First off, here are the two different formulations of the lasso:

$$ \text{minimize } ||\mathbf{y}-\mathbf{X}\mathbf{\beta}||_2+\lambda||\mathbf{\beta}||_1\text{ with respect to }\mathbf{\beta}\text{ for a given }\lambda\geq 0 \quad (6.7)$$ and $$ \text{minimize } ||\mathbf{y}-\mathbf{X}\mathbf{\beta}||_2\text{ with respect to }\mathbf{\beta}\text{ subject to }||\mathbf{\beta}||_1\leq s\text{ for a given }s\geq0\quad (6.8) $$

The 2-norm $||\cdot||_2$ of a vector is the sum of squared entries, the 1-norm $||\cdot||_1$ is the sum of absolute entries.

On to your questions:

  1. How do $\lambda$ and $s$ hang together?

    There is a one-to-one relationship between the two, in the following sense: for every $\lambda$, there is one $s$ such that the minimizer $\mathbf{\beta}$ of (6.7) for $\lambda$ is equal to the minimizer of (6.8). And vice versa. (Note that the relationship is not unique, see below.)

    One interesting boundary case is that $\lambda=0$ (no lasso penalty), which leads to the OLS estimate of $\mathbf{\beta}$ (assuming your design matrix $\mathbf{X}$ is of full rank), corresponds to $s=\infty$ (no constraint on the parameter estimates). If you are uncomfortable with $s=\infty$, just take $s$ to be any number larger than the 1-norm of the OLS estimate of $\mathbf{\beta}$.

  2. Why are the two formulations equivalent?

    This derivation is usually not given in standard statistics/data science textbooks.
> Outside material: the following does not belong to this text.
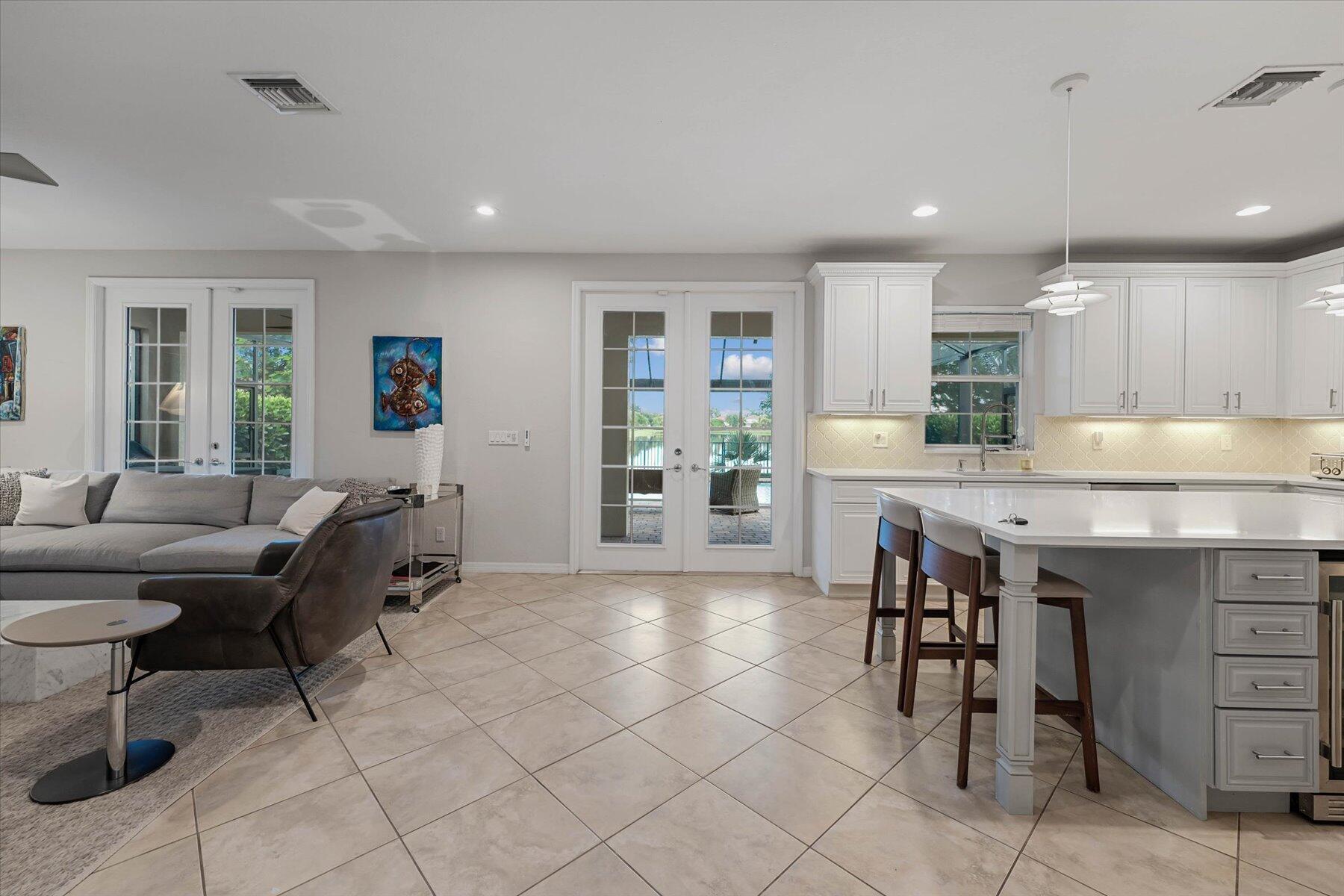 OAKMONT ESTATES PUD - Residential Lease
Most people just accept this fact. I don't think it is formally proven even in the original lasso paper by Tibshirani (1996), but it does not seem to be very hard. Starting with (6.7), pick a $\lambda$, find the optimal $\mathbf{\beta}$ in (6.7), use the 1-norm of this estimate for $s$ in (6.8) and argue that you won't find a better solution to (6.8) with smaller 1-norm. And vice versa. A rigorous proof would probably be a nice exercise for an undergraduate math student.

  3. How do we choose $\lambda$ (or equivalently $s$)?
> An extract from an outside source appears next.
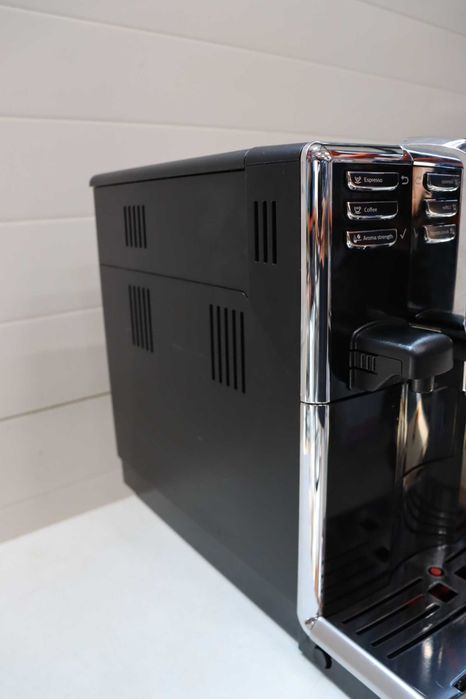 Aвтоматична кафемашина Philips EP5360/10, Series 5000, 5 напитки,  AquaClean, PianoBlack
    The algorithm usually used to fit a lasso model will give you an entire sequence of parameter coefficient vectors, one for each one of multiple values of $\lambda$ (e.g., Figure 6.6 in ISLR). You can then choose one. This is often done via cross-validation using some accuracy measure, and in fact, your software may already perform this cross-validation internally and just report the optimal $\lambda$.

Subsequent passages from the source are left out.